## Data for this task
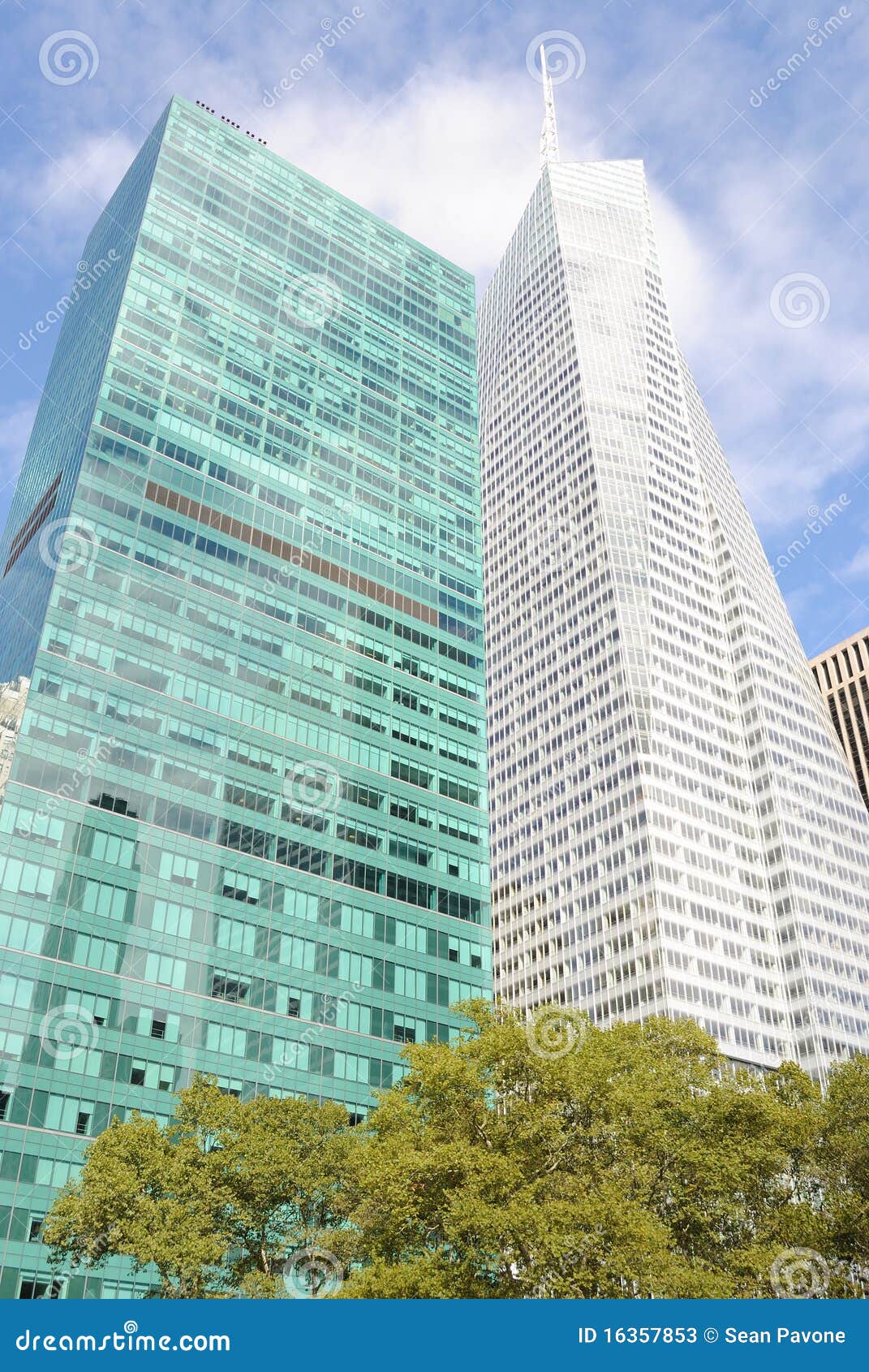 modern skyscrapers in new york city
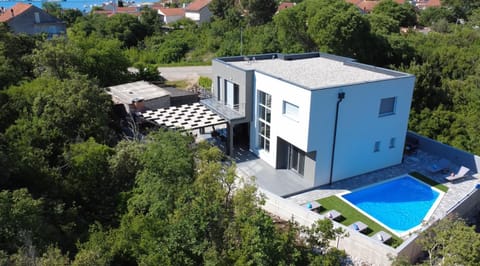 Property building, Balcony/Terrace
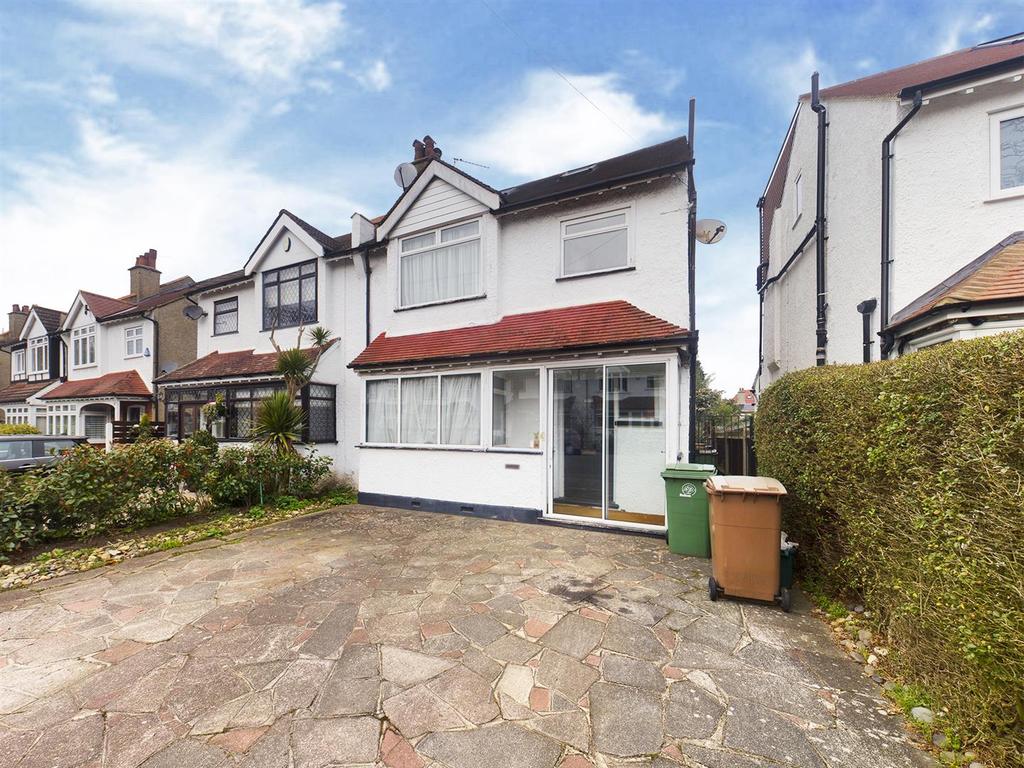 Osmond Gardens, Wallington 5 bed semidetached house £625,000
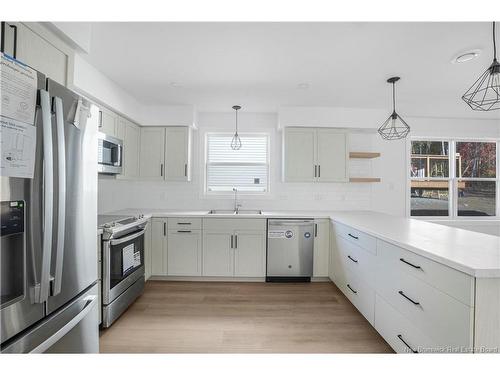 8 Terry Fox Dr, Oromocto, NB 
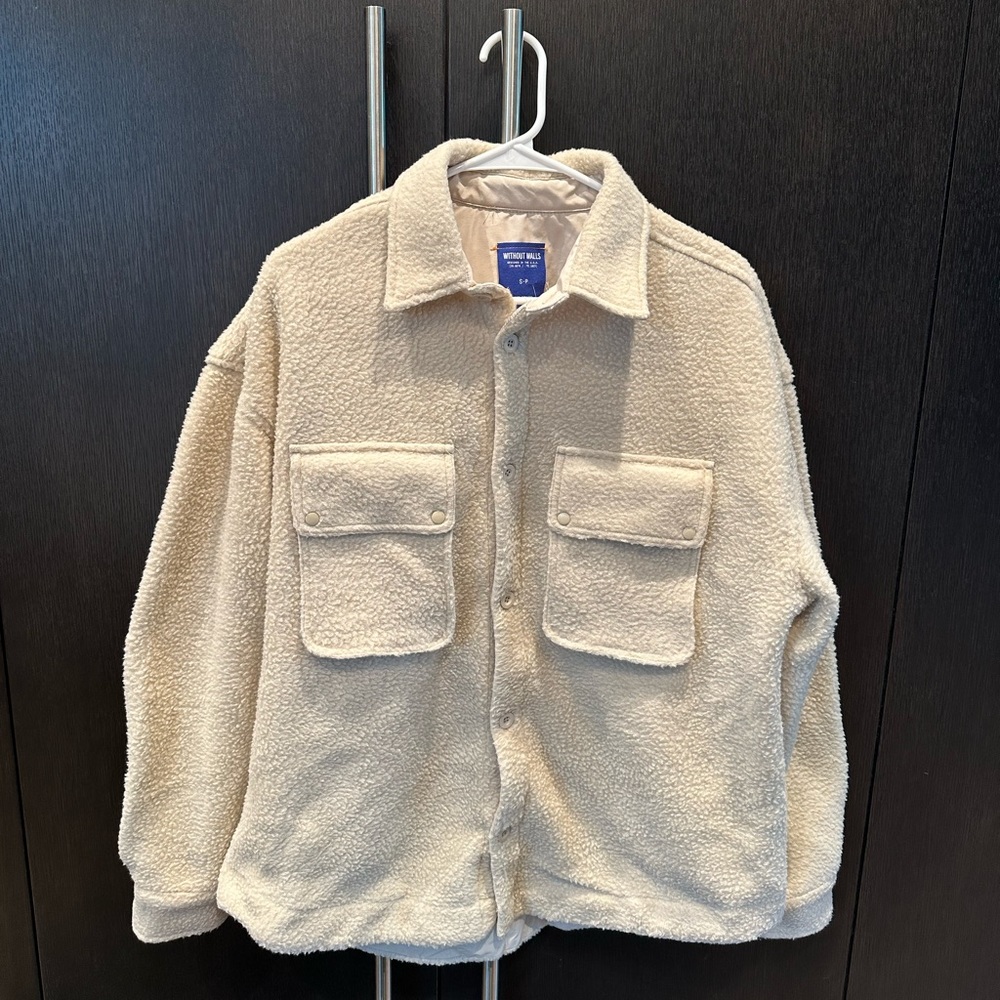 *BRAND NEW* Urban Outfitters fuzzy flannel/jacket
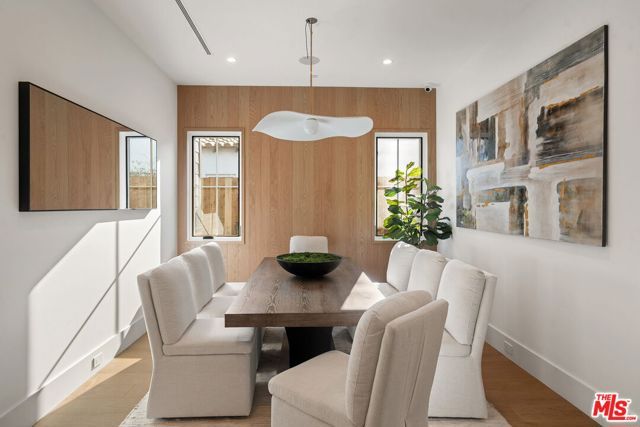 1823 S Shenandoah Street, Los Angeles, CA 90035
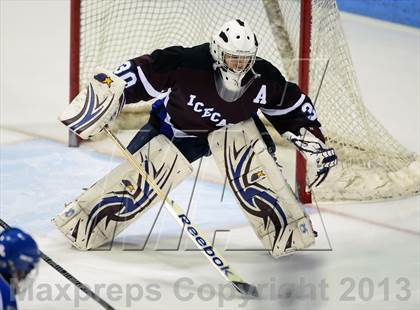 Thumbnail 2 in Brookfield/Bethel/Danbury vs. East Catholic (CIAC Division II Semifinal) photogallery.
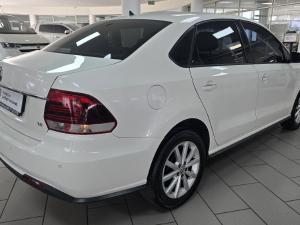 Volkswagen Polo sedan 1.6 Comfortline auto - Image 15
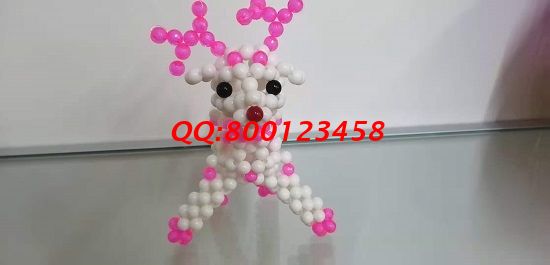 8月17日，找正規(guī)可靠的手工活加工項(xiàng)目，手工之家的手工活代理加工項(xiàng)目造福了很多人，圖為勵(lì)志珠珠繡串珠小飾品實(shí)拍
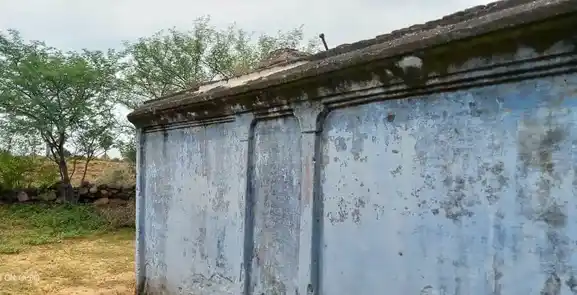 Arulmigu Varadharajaperumal Temple, Therpatti, Manakkadvu - 638673 அருள்மிகு வரதராசபெருமாள் திருக்கோயில், Manakkadvu - 638673, Tiruppur - Ancient Temple Architecture and History Image 3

## Problem to solve
Return nothing except the lines from the one containing "Volkswagen Polo sedan" through the final line of the data, copied exactly. Leave out all pictures.

## Task response
 Volkswagen Polo sedan 1.6 Comfortline auto - Image 15
 8月17日，找正規(guī)可靠的手工活加工項(xiàng)目，手工之家的手工活代理加工項(xiàng)目造福了很多人，圖為勵(lì)志珠珠繡串珠小飾品實(shí)拍
 Arulmigu Varadharajaperumal Temple, Therpatti, Manakkadvu - 638673 அருள்மிகு வரதராசபெருமாள் திருக்கோயில், Manakkadvu - 638673, Tiruppur - Ancient Temple Architecture and History Image 3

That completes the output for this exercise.